Tais palavras foram analisadas com frieza pelo The Citizen, jornal concorrente, que publicou um editorial com o título “Taxpayers can’t pay for grand visions”, ou “Contribuintes não devem pagar por grandes sonhos” em tradução livre. O texto implica que McKenzie parece acreditar que desejos bastam para trazer o GP de volta e o processo de seleção de apoiadores já teve seu fim prorrogado. Outro ponto crucial no processo de recuperar a F-1 é a disputa entre Kyalami e a Cidade do Cabo. A primeira já tem um autódromo quase pronto e um histórico rico; a segunda tem charme e apelo turístico consolidados.

O caso de Ruanda, ou Rwanda em inglês, é mais complicado. O país é liderado por Paul Kagame desde 2000., o que já indica o regime político em vigor frente a uma população predominantemente rural e jovem espalhada por um país com área semelhante ao Estado de Alagoas: 26.798 km2. Nos últimos anos Kagame tem investido em promover grandes eventos esportivos com o propósito de criar uma imagem internacional mais favorável. No ano passado a Federação Internacional do Automóvel (FIA) realizou sua Assembleia Geral anual em Kigali, reunindo na capital do país mais de 800 delegados entre os dias 10 e 13 de dezembro. Isso faz parte do processo de convencer a opinião pública e os dirigentes do esporte de que o país pode receber a F-1, como se nota nas declarações de Kagami: “Estou contente em anunciar que Ruanda está apostando trazer o automobilismo de volta à África ao pleitear uma GP de F-1. Um grande muito obrigado a Stefano Domenicali (presidente da Fórmula 1) e sua equipe pelo bom progressos de nossas conversações ate o momento.”
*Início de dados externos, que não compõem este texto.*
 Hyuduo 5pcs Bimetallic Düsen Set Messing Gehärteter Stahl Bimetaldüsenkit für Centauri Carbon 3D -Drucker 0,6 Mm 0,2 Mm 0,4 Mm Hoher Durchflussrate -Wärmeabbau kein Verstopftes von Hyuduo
Para levar a cabo o ambicioso projeto, o piloto austríaco Alexander Würz, que está envolvido com o novo circuito de Qdiddya, na Arábia Saudita, foi contratado para desenhar um autódromo permanente em área próxima ao aeroporto da capital Kigali. Segundo a expectativa local, o autódromo ficará pronto em 2028 e que Ruanda receba um GP em 2029.